Uma vez que a pintura de Iberê se caracteriza por elementos diametralmente contrários à brasilidade, torna-se evidente que seu nome e sua obra sejam reconhecidos somente no seio de uma perspectiva de caráter muito mais seleto do que acontece com as manifestações que se coadunam docilmente com o lugar comum da identidade nacional. Em uma cultura de massas marcada pelo progressivo emburrecimento dos espíritos, isso se acentua fortemente. Por um lado, é extremamente difícil deixar de pensar que a confidencialidade de suas telas constitui uma garantia da alta cultura que as mesmas têm como legado artístico, o que de certa maneira é positivo, pois faz com que permaneçam protegidas da massificação.

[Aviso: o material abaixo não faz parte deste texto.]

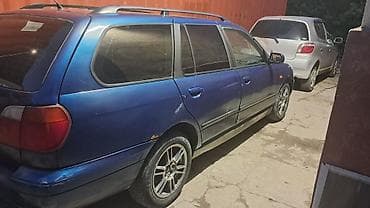 прадо 250 бишкек: Nissan Primera: 1998 г., 2 л, Механика, Бензин, Универсал — 9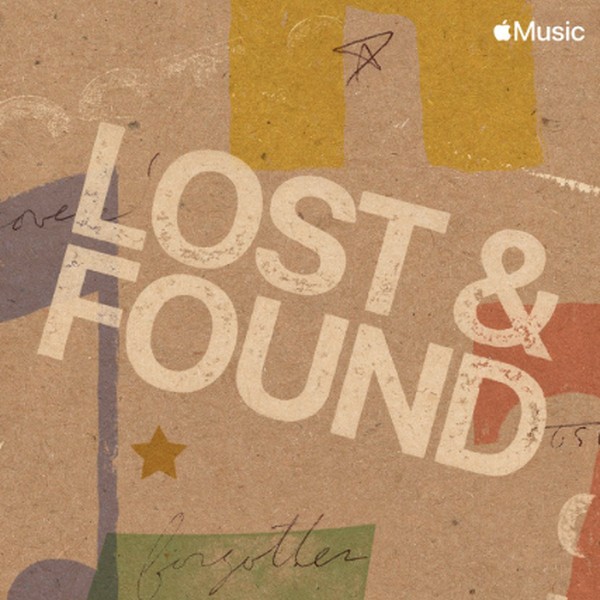 Lost & Found Radio cover art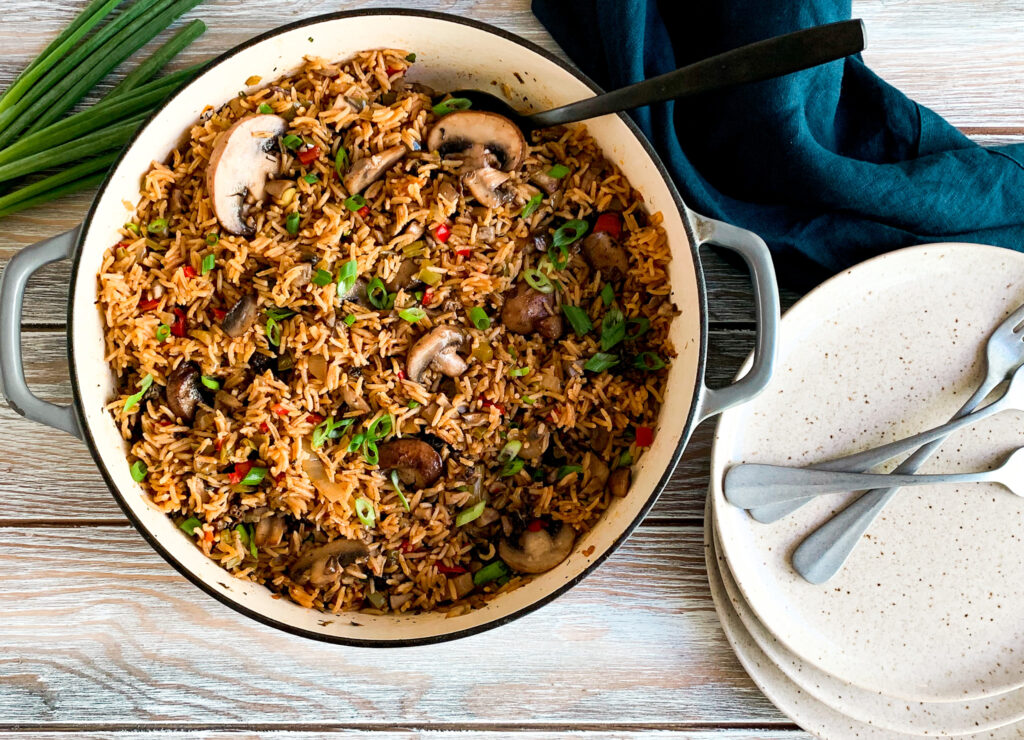 How to Make Dirty Rice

Por outro, todavia, revela que o Brasil é um país cuja mentalidade de seu povo permanece impermeável à cultura de qualidade, já que esta sempre depende de uma atividade intelectual verdadeira, honesta, diligente e paciente, algo raríssimo por aqui.

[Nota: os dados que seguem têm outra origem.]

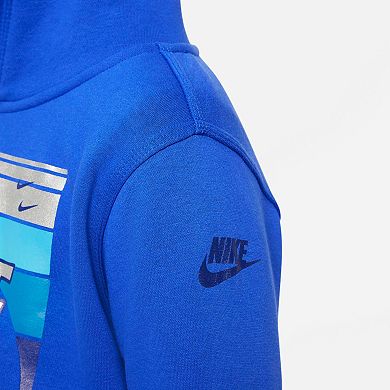 Boys 8-20 Nike Graphic Pullover Hoodie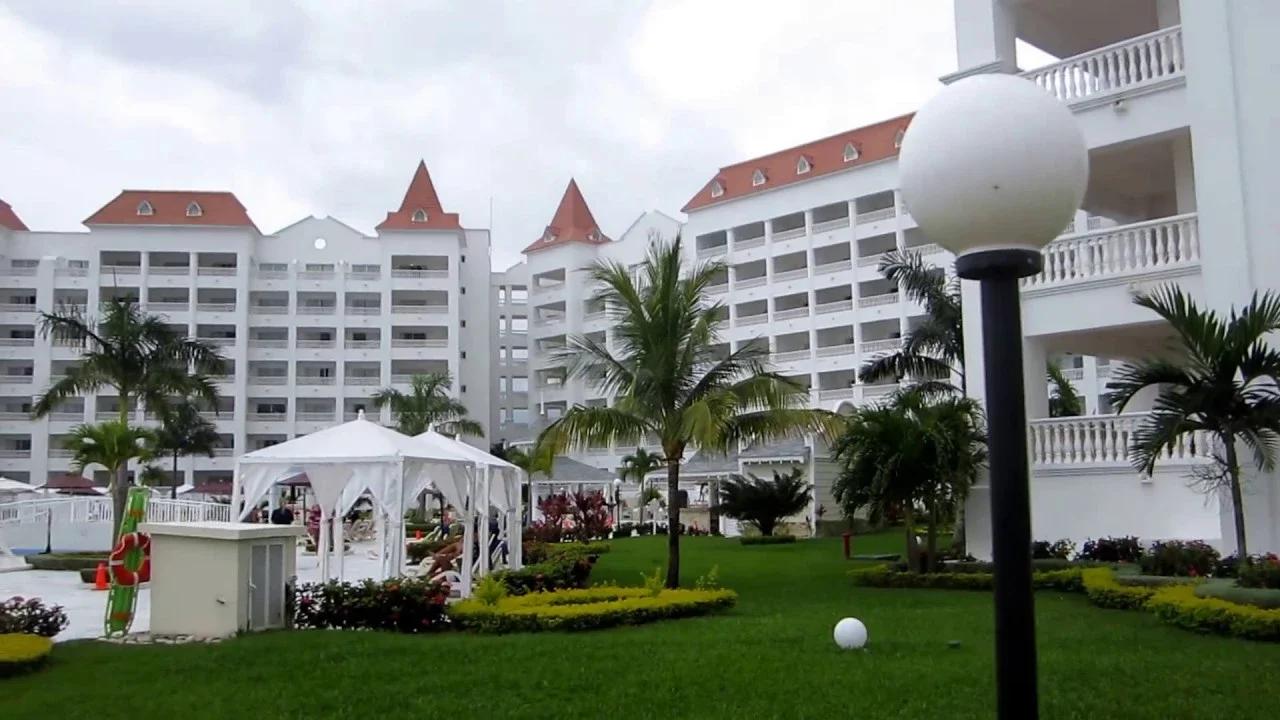 bahia principe hotel in jamaica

A valorização do nacional a partir de motivações puramente telúricas é digna de repúdio, uma prática cretina, afeita à necessidade de domesticação sem a qual nenhum autoritarismo deita raízes - não foi por acaso que a construção da brasilidade deu seu passo mais decisivo nas décadas de 1920 e 1930, nesta então já sob a ditadura de Vargas. Na medida em que a pintura de Iberê Camargo é um exemplo incomum de manifestação artística brasileira da mais alta qualidade, ela deve sempre merecer os mais honoráveis louvores.